The Organization of the Petroleum Exporting Countries, OPEC, and its allies began a new round of supply cuts in January. These curbs, led by Saudi Arabia, have been compounded by involuntary losses that the Venezuelan sanctions could deepen.
On the strength of these dynamics Brent crude the global benchmark, hit $63.40 a barrel, the highest since December 7, and was up 49 cents at $63.24.
U.S. crude hit a 2019 high of $55.68 and was later up 9 cents at $55.35.
“You have the sanctions on Venezuela, on top of the reduced supply from Saudi Arabia,” said Olivier Jakob, oil analyst at Petromatrix. “There’s no sign of overhang in the crude oil markets.”
OPEC supply fell in January by the largest amount in two years, a Reuters survey last week found. That offset limited compliance so far by non-OPEC Russia.
The U.S. sanctions on Venezuela will limit oil transactions between Venezuela and other countries and are similar to those imposed on Iran last year, some analysts said after examining details announced by the government.
Underlining the lack of excess supply, Jakob cited a rapidly clearing West African crude market [CR|U/WAF] and the structure of Brent crude futures, in which the first-month contract is trading near the price of the second month .
While OPEC and its allies are cutting output, the United States is expanding supply. Nonetheless, figures on Friday showed a drop in the number of U.S. oil rigs to their lowest in eight months, lending prices some support.
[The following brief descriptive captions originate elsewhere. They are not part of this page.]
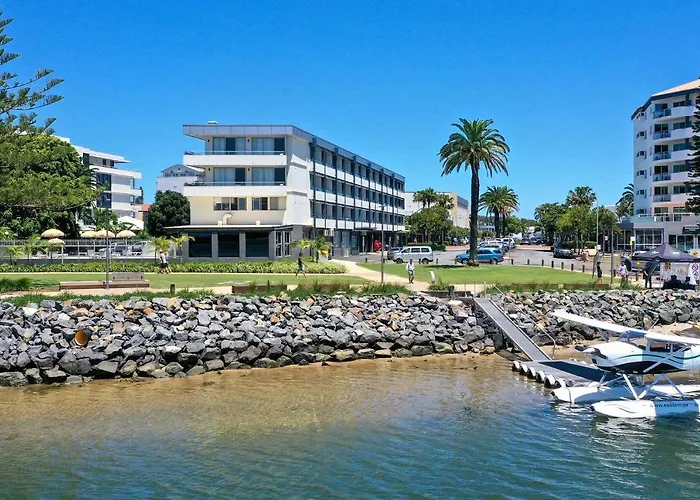 Jacuzzi hotel: The Mid Pacific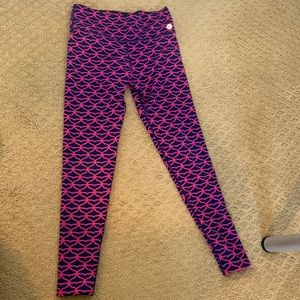 Vineyard vines women’s workout yoga pants. Size xs
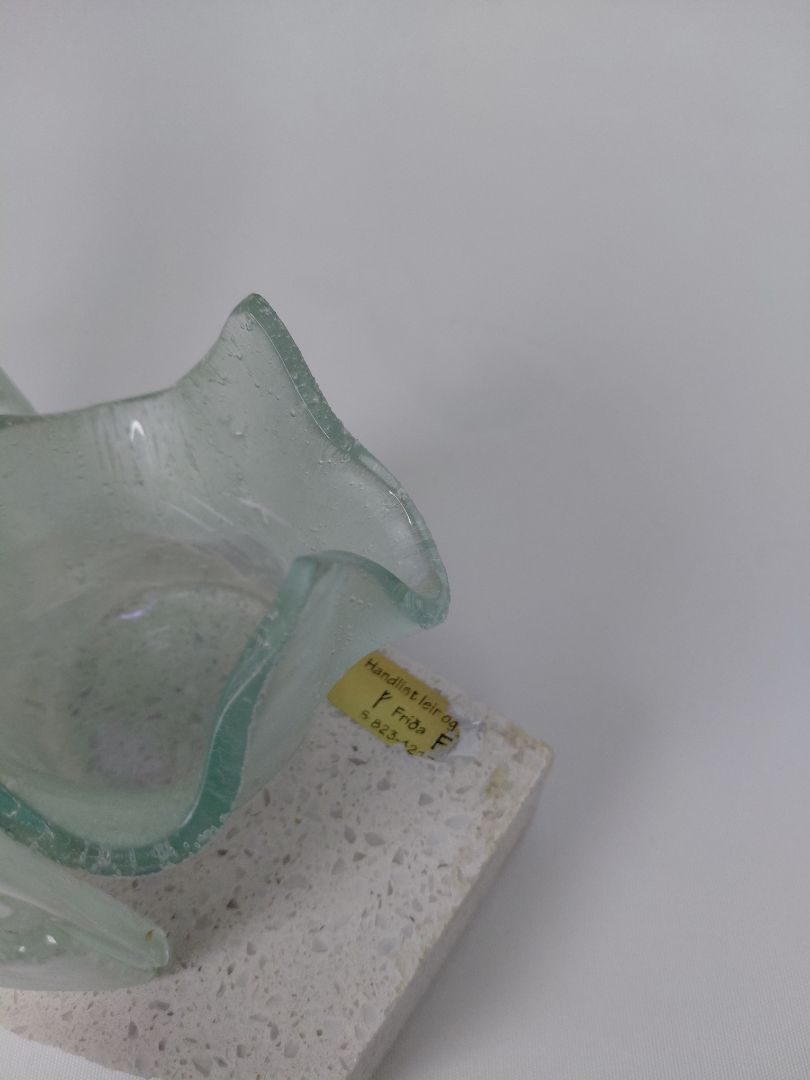 Candle holder with inscription, Fríða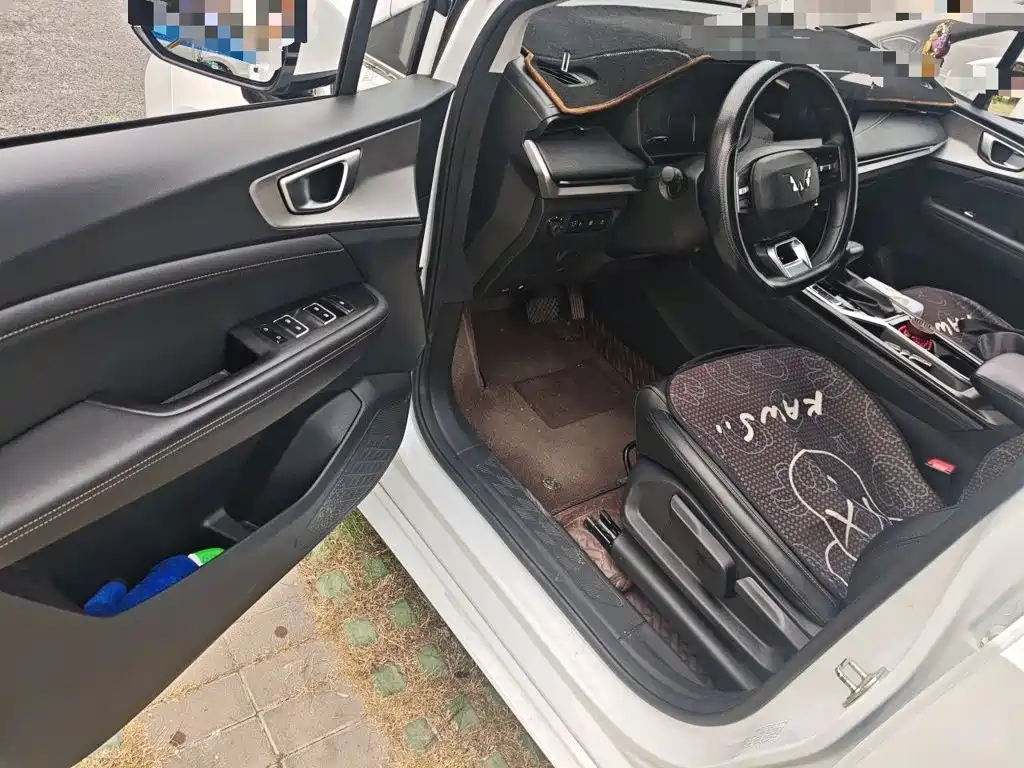 Wuling Jiachen — миниатюра 12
“The collapse in oil prices late last year has resulted in more cautious spending by U.S. oil explorers,” Vivek Dhar, commodities analyst for Commonwealth Bank of Australia, said in a report on Monday.
The main drag on prices has been concern about a possible slowdown in demand this year due to a weaker outlook for economic growth and developments such as the U.S.-China trade dispute.
U.S. President Donald Trump last week said he would meet his Chinese counterpart Xi Jinping in the coming weeks to try to settle the dispute, and there are hopes that the two sides will come to an agreement.